JH (Conservative) As above.

Labour We recognise that many pubs and clubs are under pressure. The industry has had a number of opportunities to introduce reform. The BIS Committee is giving the industry one last chance to demonstrate that reforms that benefit all parties are delivered by June 2011. Labour strongly supports this view and hopes that the reforms take place on a voluntary basis but stand ready should further intervention be necessary.

JT (Liberal Democrats) The issues facing the leased pub sector should be referred to the Competition Commission. The commission should consider whether there should be a maximum limit to the number of pubs owned by any one pubco, including both nationally and in any one region/area.

Will you appoint a dedicated pubs minister?

JH (Conservative) There should certainly be a clear lead in government to draw together the different strands of government policy. The Government's recent appointment of a pubs minister, after 13 years of neglect of the industry, smacks of gimmickry but their belated recognition of the need for help for the industry is to be welcomed.

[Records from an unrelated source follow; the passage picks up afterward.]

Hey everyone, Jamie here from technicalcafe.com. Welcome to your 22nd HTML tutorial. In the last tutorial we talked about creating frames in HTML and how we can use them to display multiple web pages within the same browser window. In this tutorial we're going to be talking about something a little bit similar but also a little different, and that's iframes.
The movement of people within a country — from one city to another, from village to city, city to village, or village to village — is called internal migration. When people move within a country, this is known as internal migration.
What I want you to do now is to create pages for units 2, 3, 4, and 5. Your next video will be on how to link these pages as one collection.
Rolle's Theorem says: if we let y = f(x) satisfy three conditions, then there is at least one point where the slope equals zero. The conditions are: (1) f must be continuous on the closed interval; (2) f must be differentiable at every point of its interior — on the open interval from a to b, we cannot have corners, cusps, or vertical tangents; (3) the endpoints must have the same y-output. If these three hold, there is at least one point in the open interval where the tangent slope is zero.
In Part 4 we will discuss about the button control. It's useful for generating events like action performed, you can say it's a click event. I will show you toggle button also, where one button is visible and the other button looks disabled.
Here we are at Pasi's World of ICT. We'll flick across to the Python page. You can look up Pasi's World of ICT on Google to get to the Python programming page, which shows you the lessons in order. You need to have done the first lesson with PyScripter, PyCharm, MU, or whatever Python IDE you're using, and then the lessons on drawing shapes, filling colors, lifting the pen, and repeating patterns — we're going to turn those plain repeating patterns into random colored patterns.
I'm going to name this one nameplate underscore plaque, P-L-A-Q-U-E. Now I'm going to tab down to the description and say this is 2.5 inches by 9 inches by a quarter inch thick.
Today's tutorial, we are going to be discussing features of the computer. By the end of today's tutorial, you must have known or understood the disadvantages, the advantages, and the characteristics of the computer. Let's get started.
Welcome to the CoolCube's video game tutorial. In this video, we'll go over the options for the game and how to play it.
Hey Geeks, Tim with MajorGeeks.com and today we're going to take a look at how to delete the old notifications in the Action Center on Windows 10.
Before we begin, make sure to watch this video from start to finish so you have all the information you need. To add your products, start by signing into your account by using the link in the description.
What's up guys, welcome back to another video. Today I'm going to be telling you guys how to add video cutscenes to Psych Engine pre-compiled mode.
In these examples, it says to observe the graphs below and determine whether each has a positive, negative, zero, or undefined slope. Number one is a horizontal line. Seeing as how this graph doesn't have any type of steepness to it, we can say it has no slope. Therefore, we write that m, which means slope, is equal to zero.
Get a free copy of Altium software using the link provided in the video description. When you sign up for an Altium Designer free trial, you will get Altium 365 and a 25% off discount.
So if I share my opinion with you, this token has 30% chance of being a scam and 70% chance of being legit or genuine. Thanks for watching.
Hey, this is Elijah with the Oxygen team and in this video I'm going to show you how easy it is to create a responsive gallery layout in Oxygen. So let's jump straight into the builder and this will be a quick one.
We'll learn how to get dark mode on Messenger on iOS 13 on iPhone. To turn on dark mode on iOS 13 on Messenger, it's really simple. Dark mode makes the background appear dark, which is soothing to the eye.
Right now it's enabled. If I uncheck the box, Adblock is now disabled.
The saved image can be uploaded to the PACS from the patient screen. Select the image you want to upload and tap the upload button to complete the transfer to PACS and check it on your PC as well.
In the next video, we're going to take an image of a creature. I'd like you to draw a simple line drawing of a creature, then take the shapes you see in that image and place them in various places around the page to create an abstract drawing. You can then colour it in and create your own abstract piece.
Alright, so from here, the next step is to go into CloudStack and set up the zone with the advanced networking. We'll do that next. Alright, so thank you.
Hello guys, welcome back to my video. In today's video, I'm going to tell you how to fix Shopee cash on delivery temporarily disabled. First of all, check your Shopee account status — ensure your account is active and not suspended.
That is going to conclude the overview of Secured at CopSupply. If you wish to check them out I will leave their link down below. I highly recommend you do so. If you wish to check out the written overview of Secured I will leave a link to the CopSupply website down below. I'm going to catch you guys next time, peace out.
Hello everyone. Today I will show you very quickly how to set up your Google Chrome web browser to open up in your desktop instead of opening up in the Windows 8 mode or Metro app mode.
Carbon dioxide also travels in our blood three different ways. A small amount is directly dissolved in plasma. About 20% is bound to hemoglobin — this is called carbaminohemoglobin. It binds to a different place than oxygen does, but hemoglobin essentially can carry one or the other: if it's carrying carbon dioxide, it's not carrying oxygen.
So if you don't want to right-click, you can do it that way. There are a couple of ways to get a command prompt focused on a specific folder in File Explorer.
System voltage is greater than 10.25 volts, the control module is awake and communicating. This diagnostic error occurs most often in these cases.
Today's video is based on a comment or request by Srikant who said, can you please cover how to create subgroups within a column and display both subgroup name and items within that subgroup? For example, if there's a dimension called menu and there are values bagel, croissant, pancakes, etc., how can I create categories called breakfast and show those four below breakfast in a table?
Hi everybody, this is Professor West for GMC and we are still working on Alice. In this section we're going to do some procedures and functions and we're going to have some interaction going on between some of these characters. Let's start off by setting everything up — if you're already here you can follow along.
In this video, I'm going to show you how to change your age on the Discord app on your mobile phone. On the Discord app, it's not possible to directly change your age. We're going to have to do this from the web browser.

Labour In January, the prime minister asked John Healey (housing and planning minister) to lead work across government designed to help and support Britain's community pubs. Labour recently announced a package of measures designed to provide practical support to community pubs - including funding for business support to make pubs more successful and help for communities to buy their local pub to keep it running. Some pubs will also benefit from the increase in Small Business Rate relief announced in the 2010 Budget.

JT (Liberal Democrats) No, we believe that change comes about by action, not by appointing additional government ministers.

Should the beer tie be abolished?

JH (Conservative) We would like to see reform of the beer tie to ensure a fair deal for both consumers and publicans.

Labour We are not advocating the abolition of the beer tie. But we do want to see reform. Pub companies should allow lessees to choose to be tied or tie-free. And those pubs that are tied should be given the right to source a guest beer out of tie.

JT (Liberal Democrats) There's nothing intrinsically wrong with the tie. Well managed, it can provide real benefits to the pub and those people who use those pubs. But we think beer ties have got out of control: they are often a very one-sided bargain and the balance needs to be redressed. For these reasons we think that the issue of the beer tie needs to be referred to the Competition Commission immediately. Reforms could include giving all tenants the right to buy one guest beer; giving tenants the choice to opt out of the tie and a new code of practice to uphold the principle that the tied tenant should be no worse off than if free of tie.

Do you have plans for introducing food labelling on restaurant menus? If so, what format will it take?

JH (Conservative) We have no plans to introduce this.

Labour No.

JT (Liberal Democrats) We support the principle of providing consumers with sufficient information to make informed healthy-eating choices. However, we have no plans to introduce mandatory food labelling on restaurant menus. A prescriptive approach to labelling of restaurant menus would be a significant additional burden on small restaurants where dishes are changed frequently. We would prefer to see a voluntary, consumer-driven, approach supported by better education of healthy eating choices.